What you have to do
Your answer must be the exact lines from the one holding "A lot of 2 broken" through the final line of the records below, both included, and nothing more.

Web page caption snippets
####################

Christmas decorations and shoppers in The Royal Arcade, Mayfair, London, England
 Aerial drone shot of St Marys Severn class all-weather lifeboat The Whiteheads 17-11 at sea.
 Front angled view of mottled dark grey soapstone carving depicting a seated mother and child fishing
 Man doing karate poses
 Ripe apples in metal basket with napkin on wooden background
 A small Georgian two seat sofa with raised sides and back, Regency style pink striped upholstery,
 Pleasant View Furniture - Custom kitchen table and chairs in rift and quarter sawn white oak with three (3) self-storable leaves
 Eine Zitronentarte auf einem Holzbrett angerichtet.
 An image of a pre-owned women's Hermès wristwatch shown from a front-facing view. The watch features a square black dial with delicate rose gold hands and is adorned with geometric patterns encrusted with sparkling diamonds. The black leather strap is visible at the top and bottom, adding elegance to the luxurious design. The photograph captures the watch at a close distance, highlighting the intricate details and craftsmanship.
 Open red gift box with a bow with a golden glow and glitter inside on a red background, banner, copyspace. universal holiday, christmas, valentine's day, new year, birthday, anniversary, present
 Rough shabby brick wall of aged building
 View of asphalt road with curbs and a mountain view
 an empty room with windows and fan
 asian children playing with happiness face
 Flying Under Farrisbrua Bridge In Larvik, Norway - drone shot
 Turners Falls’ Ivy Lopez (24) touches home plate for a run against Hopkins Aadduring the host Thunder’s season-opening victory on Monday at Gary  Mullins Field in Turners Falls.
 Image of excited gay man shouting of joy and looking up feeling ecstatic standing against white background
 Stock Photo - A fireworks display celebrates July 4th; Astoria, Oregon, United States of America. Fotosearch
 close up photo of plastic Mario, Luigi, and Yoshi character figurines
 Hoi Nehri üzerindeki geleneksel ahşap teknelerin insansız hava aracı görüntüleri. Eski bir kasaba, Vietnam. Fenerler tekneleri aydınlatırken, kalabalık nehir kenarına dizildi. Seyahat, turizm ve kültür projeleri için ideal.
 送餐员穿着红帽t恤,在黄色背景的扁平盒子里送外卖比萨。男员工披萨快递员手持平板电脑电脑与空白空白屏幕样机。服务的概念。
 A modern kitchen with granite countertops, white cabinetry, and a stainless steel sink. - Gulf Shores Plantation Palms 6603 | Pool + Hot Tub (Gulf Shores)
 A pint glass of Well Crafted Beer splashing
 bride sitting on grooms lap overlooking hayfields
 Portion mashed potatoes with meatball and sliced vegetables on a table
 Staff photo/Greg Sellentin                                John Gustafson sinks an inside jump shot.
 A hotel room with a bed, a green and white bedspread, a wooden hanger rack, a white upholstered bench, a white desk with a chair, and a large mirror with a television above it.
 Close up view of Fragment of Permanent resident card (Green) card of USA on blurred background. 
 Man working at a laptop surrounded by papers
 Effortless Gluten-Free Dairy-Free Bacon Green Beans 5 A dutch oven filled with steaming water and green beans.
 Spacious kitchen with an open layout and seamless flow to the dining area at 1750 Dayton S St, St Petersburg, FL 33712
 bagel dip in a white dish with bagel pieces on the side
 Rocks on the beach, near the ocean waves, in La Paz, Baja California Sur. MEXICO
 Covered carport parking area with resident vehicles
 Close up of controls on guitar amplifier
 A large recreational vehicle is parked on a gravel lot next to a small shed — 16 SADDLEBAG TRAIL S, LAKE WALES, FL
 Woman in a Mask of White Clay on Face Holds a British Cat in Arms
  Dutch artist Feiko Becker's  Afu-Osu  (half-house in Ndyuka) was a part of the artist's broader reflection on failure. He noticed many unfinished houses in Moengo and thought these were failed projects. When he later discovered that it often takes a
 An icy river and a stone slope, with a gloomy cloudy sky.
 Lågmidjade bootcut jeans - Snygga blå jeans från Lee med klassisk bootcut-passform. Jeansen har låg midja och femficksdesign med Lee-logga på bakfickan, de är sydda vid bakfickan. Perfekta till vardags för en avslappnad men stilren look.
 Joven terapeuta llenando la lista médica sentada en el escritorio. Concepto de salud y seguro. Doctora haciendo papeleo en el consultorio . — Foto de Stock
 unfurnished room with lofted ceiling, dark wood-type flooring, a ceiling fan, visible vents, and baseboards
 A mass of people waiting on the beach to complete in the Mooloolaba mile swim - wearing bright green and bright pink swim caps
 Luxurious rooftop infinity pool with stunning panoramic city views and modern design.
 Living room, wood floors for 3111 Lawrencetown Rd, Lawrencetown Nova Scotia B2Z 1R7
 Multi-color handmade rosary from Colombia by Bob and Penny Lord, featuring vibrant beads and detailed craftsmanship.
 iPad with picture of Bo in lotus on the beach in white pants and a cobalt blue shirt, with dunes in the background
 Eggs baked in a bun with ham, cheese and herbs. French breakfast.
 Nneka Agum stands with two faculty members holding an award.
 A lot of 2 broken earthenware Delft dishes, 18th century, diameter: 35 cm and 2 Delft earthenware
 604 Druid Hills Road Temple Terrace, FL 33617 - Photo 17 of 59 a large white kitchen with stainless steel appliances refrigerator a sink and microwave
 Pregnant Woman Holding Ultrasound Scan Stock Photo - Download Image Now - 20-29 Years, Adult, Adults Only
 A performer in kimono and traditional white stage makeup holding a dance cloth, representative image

####################

Response to the exercise
 A lot of 2 broken earthenware Delft dishes, 18th century, diameter: 35 cm and 2 Delft earthenware
 604 Druid Hills Road Temple Terrace, FL 33617 - Photo 17 of 59 a large white kitchen with stainless steel appliances refrigerator a sink and microwave
 Pregnant Woman Holding Ultrasound Scan Stock Photo - Download Image Now - 20-29 Years, Adult, Adults Only
 A performer in kimono and traditional white stage makeup holding a dance cloth, representative image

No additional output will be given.